Background and Notes

Background

Since light has a finite speed, the amount of time it takes light to travel to Earth (lookback time) we see distant objects as they were in the past. A galaxy with a lookback time of two billion years appears as it was two billion years ago.

Due to the expansion of the Universe, the actual distance to a galaxy derived from cosmological redshift is greater than its light travel time.

We can only characterize the part of the Universe that we can detect (the observable Universe) based on the age of the Universe and light travel time. We cannot observe the entire Universe.

The cosmological principle makes the assertion that the Universe looks the same in all directions, and the average density of matter is also the same when viewed on large scales. Observations support this assumption.

The large-scale structure of the Universe describes the distinct structure seen in the distribution of matter in the Universe on very large scales (beyond the scale of an individual galaxy or galaxy cluster). The structure changes over time, but in every direction it changes the same way over the same time scales. The large-scale structure has evolved from having a smooth appearance with an even distribution of galaxies in the early history of the Universe to having larger voids and galaxy clumps in recent times.

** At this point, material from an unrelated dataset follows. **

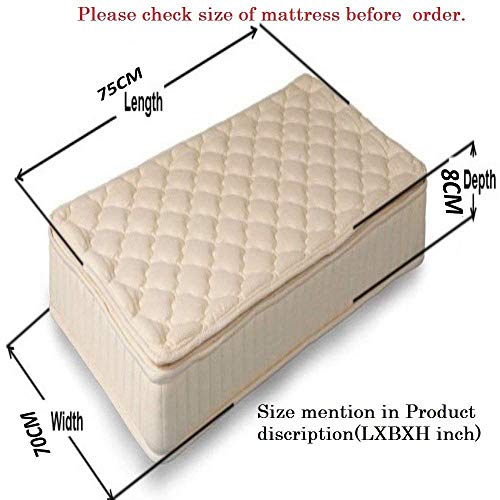 Image of Fairy Down-Cotton Mattress Cover with Zip for King Size Bed (72 X 72 X 10 Inches)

OpenStax Astronomy textbook links:

Observations of distant galaxies
The cosmological principle
The formation and evolution of large-scale structure

Teacher Notes

  1. Our investigations are designed so that students cannot proceed to the next page without answering each question. If you would like to quickly preview the entire investigation, you can use “educator mode” on the Start page. Enter the passphrase: 3ducatorMod3 to activate it.
  2. Many students struggle with the premise of the cosmological principle, because they may focus on variations on a small scale instead of reasoning about whether these variations are seen on the large scale. They may see a small concentration of galaxies or one image that has a color variation in one spot, and use this as evidence that the Universe is not uniform. Encourage them to focus on the structure and variation that is on the large scale.
  3. Distances given in light-years in this investigation are calculated from the photometric redshift value using current cosmological models, and reflect the distance from Earth at which the object would be today.
  4. The most accurate way to determine a galaxy’s redshift is by taking a spectrum of the galaxy’s light, but this is not possible for very distant galaxies due to their dimness and their sheer number. Rubin Observatory uses an alternative technique called photometric redshift. It is not as precise, but it’s the only practical way to determine the redshift for the billions of faint galaxies Rubin Observatory will detect.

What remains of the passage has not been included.